Finding worker logs on (auto)scaled down kubernetes nodes / using shared temp_dir

Hi,

We’re running Ray in a Kubernetes cluster, and from time to time we get the following warning:

WARNING worker.py:1114 -- A worker died or was killed while executing a task by an unexpected system error. To troubleshoot the problem, check the logs for the dead worker. Task ID: 874253cc82fde8d4ffffffffffffffffffffffff02000000 Worker ID: 98dcd78c9bebbc2176a14fc230b40afdd574dea608dd573aebeae00e Node ID: d4a7b594aec2970b02dde480f2eb2c6070b7886b333d8f1cb1087758 Worker IP address: 10.40.4.2 Worker port: 10010 Worker PID: 307

Since we’re running ray with autoscaling, the nodes where the problem happened typically is removed (scaled down) when we get to inspect why the worker dies, thus the logs for the dead worker is gone.

Is there any general tips here persist the logs?

One solution I thought of was to set the --temp-dir to point to a shared filestore that is mounted to all the nodes (i.e. this would be mounted both on the driver node, the head node and the worker nodes), but I’m not sure if it’s a good idea?

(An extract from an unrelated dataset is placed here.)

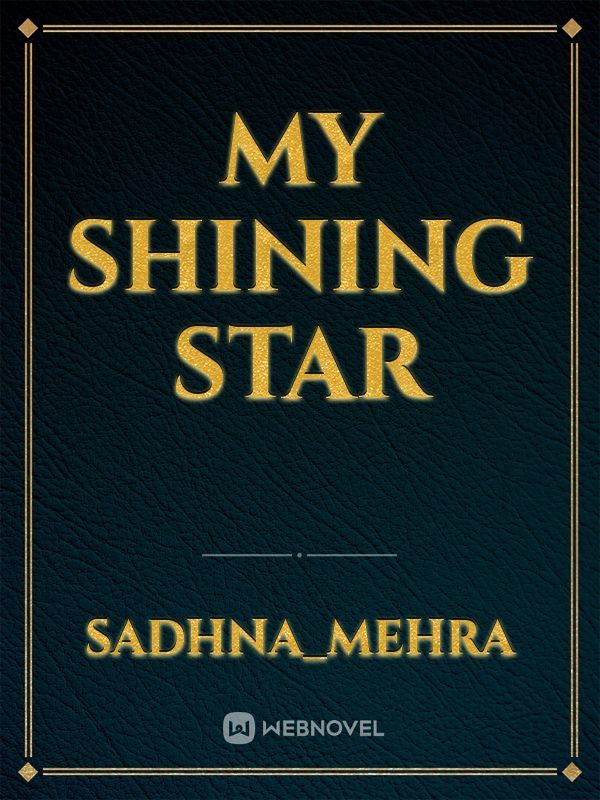 MY SHINING STAR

Yeah, pointing the --temp-dir to the shared file store should work as you expect.

1 Like

Thanks @rliaw. I did get some permission errors when specifying the --temp-dir directly in the config.yaml file. Probably just need to set the right permissions on the directory or something. I’ll do some more testing

1 Like

Let me know how things went!

It worked fine :slight_smile: . Just had to create the directory beforehand and set the right permissions.

1 Like